What's wanted here is the full listing below, repeated exactly, with no images in it.

*** Dataset extract ***

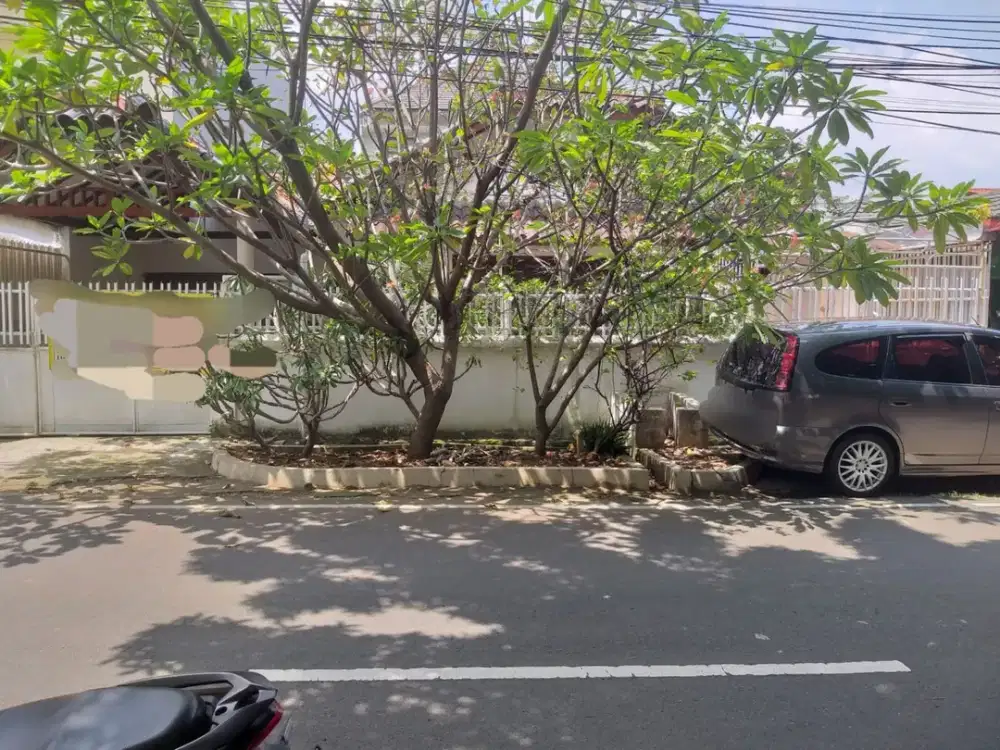 RUMAH STANDART 1LT MURAH DI KAYU PUTIH JAKARTA TIMUR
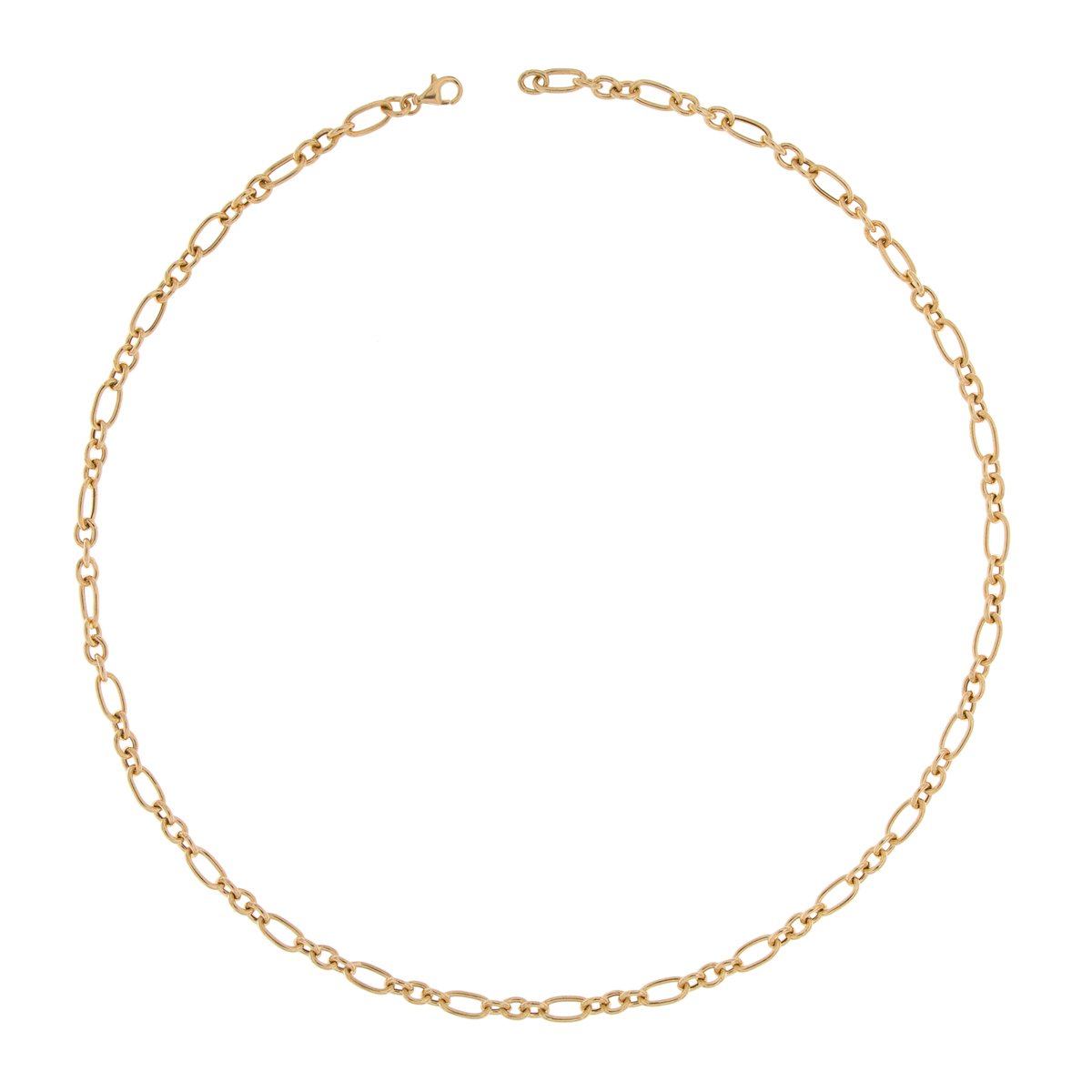 RUE DES MILLE - Collana Maglia Alternata Vintage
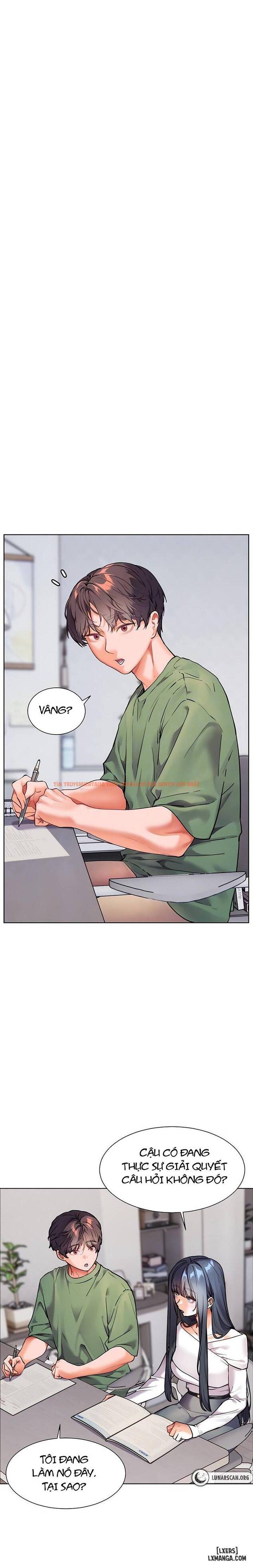Trang truyện 4 trong truyện tranh Nỗ Lực Của Giáo Viên - Chapter 29 - hentai24h.pro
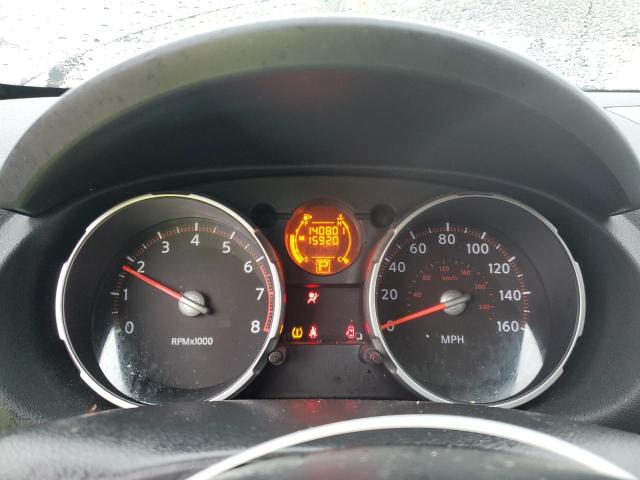 JN8AS5MV6AW100124 - 2010 NISSAN ROGUE S ნაცრისფერი ფოტო 9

*** End of Dataset extract ***

**Answer box:**
 RUMAH STANDART 1LT MURAH DI KAYU PUTIH JAKARTA TIMUR
 RUE DES MILLE - Collana Maglia Alternata Vintage
Trang truyện 4 trong truyện tranh Nỗ Lực Của Giáo Viên - Chapter 29 - hentai24h.pro
 JN8AS5MV6AW100124 - 2010 NISSAN ROGUE S ნაცრისფერი ფოტო 9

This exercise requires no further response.